Shah Rukh Khan: Dreams, unlimited
Image: Avinash Gowariker; Stylist: Aki Narula; Hair: Raaj Gupta; Makeup: Arun Indulkar

A FAN OF VFX
One area where the art of cinema merges with craft and business sense is visual effects (VFX), an area Khan is particularly excited about in the context of his business. Red Chillies VFX, which has been at the forefront of special effects in several major Indian blockbusters, from Khan’s own Ra.One (2011) to Hrithik Roshan-starrer Krrish 3 (2013), is currently giving finishing touches to the special effects in Fan, which will take its VFX capability to the next level with some never-seen-before visual effects. In the movie, directed by Maneesh Sharma, Khan plays a young boy, a fan, who resembles the real Shah Rukh Khan, and the visual effects ensure that Khan looks like a younger version of himself all through the film. “The movie was narrated to me in this very room eight years ago. Today I have a company where I can use this technology, where the same actor plays a younger person [with help from VFX] and then plays his age.
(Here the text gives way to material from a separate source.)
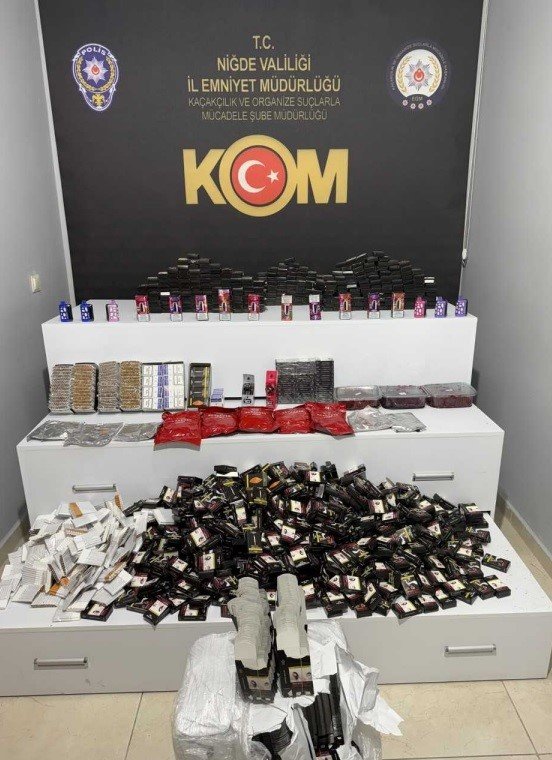 Niğde’de Kaçakçılık Operasyonu: 20 Şüpheliye İşlem Yapıldı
While other Hollywood movies have done it for much shorter lengths of time, we are doing this for the entire length of the movie—around two and a half hours. To be able to do this in a film will be amazing. Not to look like me and yet look like me.”

But Khan laments that Indian movie makers are yet to understand that they cannot make do with shoddy VFX at a time when the global movie business has moved to the next level in terms of technology. Good VFX takes time and money, and Khan feels Indian filmmakers need to understand that and not cut corners.

“For a film like Fan, we are taking it to a very different level,” he says. “We can do bread and butter stuff, we can remove wires, make people fly and s**t… but with this movie it will showcase the immense talent at the company and a skill-set that is really cutting edge. We are also in talks with Aanand Rai for another film where they want me to play a dwarf. That will require a different kind of technology, a Lord of the Rings technology, equipment and motion capture technique… we plan to do this in India. We are bringing world class quality and equipment here to do international-level work.”

Khan says audiences in India, fed on the best Hollywood films, now expect international-level special effects in Indian movies as well. “Indian movie budgets are still low, but I would like to keep earning and upgrading the technology at my VFX company to make sure we are always doing cutting edge work and not just cleaning up wireframes, which is more like back-office outsourced work. We just about break even. Quality is needed, and Indian creative people will need to believe that,” he says.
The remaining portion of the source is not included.